◆ EXERCISE MATERIALS:
========

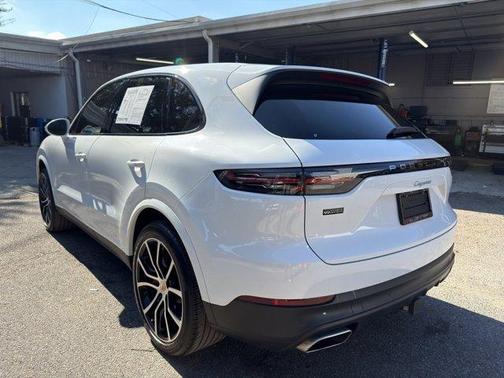 2023 Porsche Cayenne Base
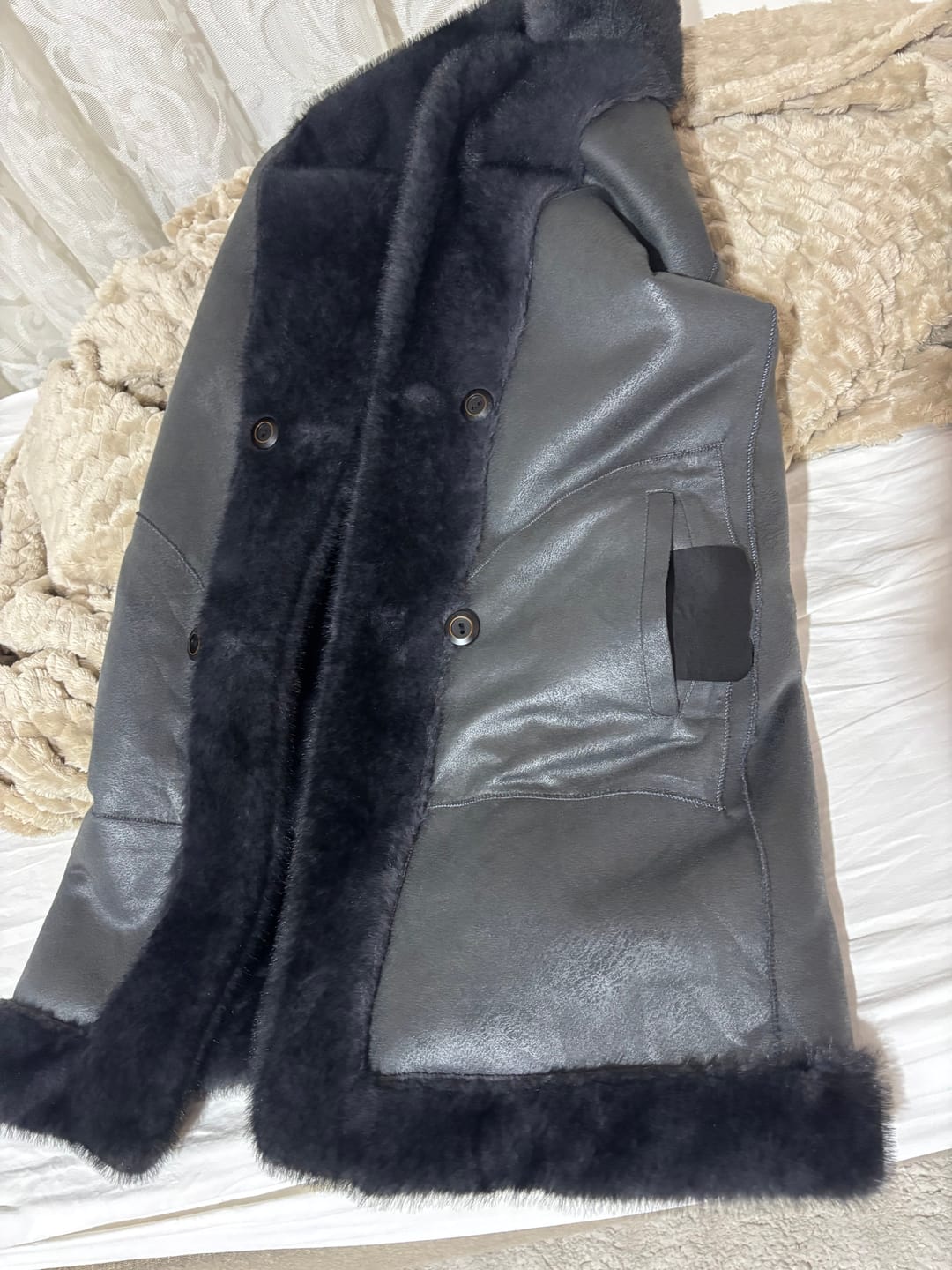 Customer photo review of BILSON™ Çift Taraflı Vizon Kaban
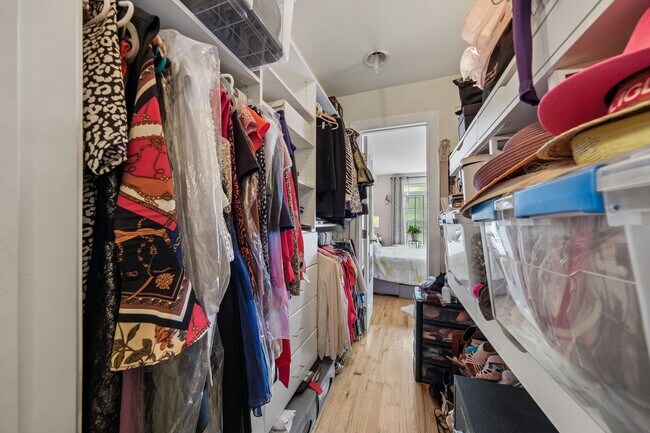 Building Photo - 331 Jefferson St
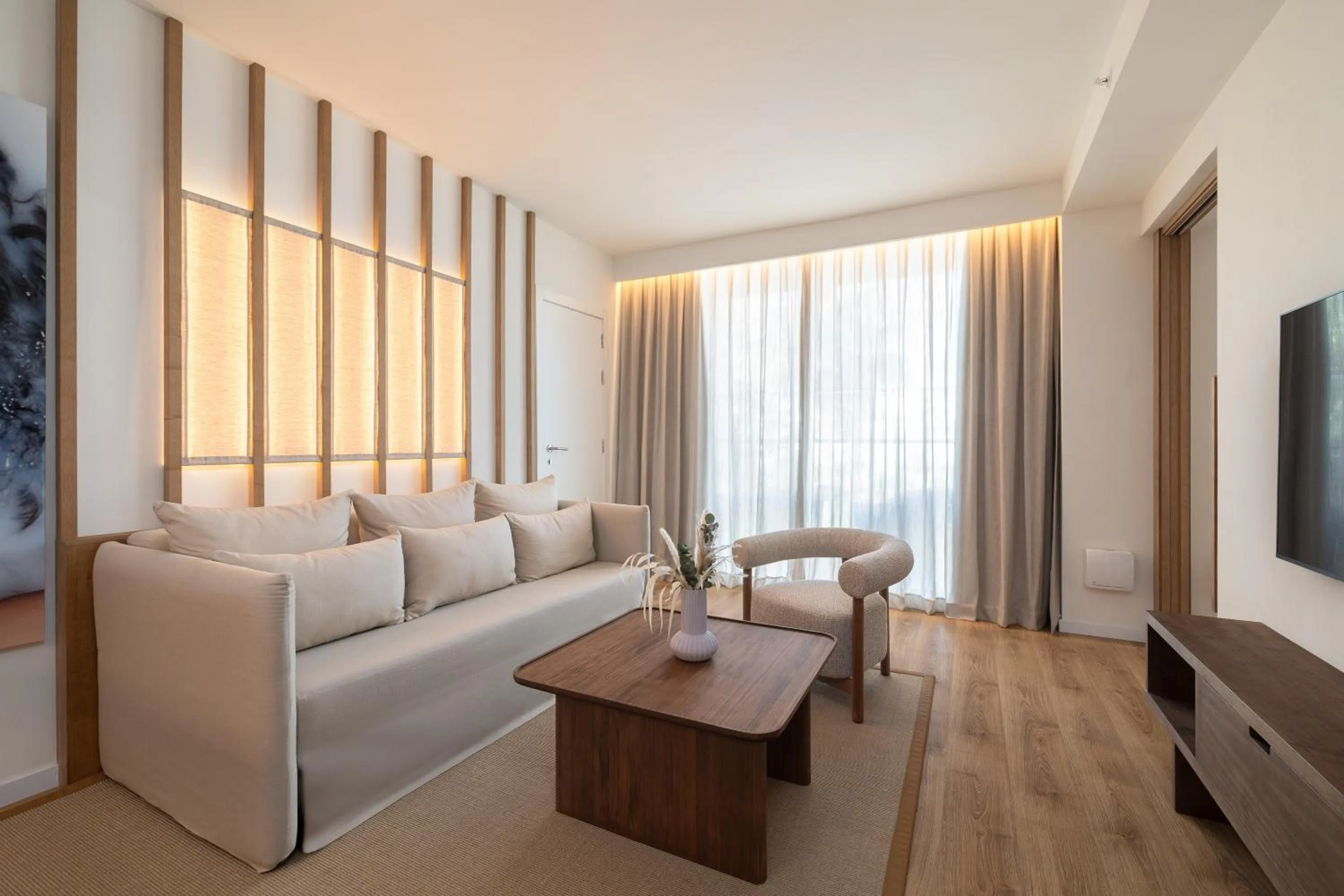 Photo of the whole room in ME Marbella by Meliá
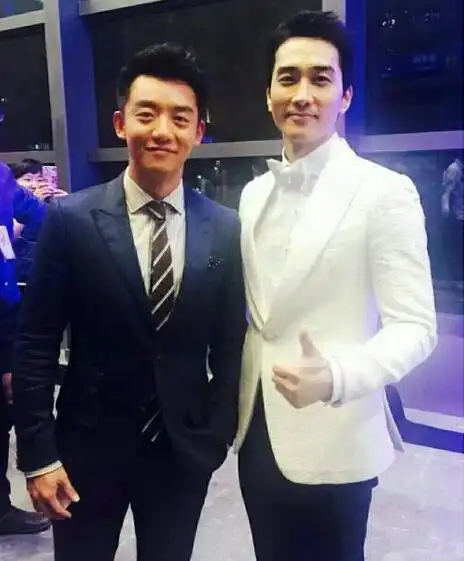 从郑恺和宋承宪的合影中发现了一个笑点,看身高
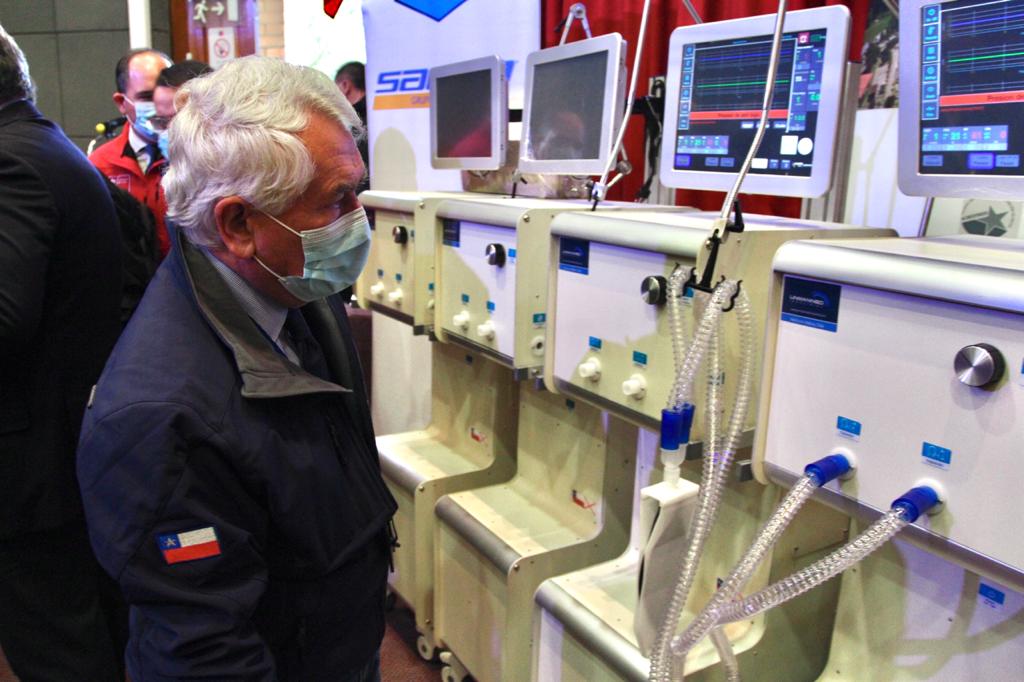 ministeriosalud's tweet photo. [📍Valdivia]

Ministro @DrEnriqueParis visita el @H_BaseValdivia donde revisa los ventiladores mecánicos elaborados en la región. https://t.co/J5UEB27rFM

========

◆ ACTIVITY: Locate the line containing "Photo of the" in the material above, then repeat it and every later line exactly, with no pictures.

◆ EXERCISE ANSWER:
 Photo of the whole room in ME Marbella by Meliá
 从郑恺和宋承宪的合影中发现了一个笑点,看身高
 ministeriosalud's tweet photo. [📍Valdivia]

Ministro @DrEnriqueParis visita el @H_BaseValdivia donde revisa los ventiladores mecánicos elaborados en la región. https://t.co/J5UEB27rFM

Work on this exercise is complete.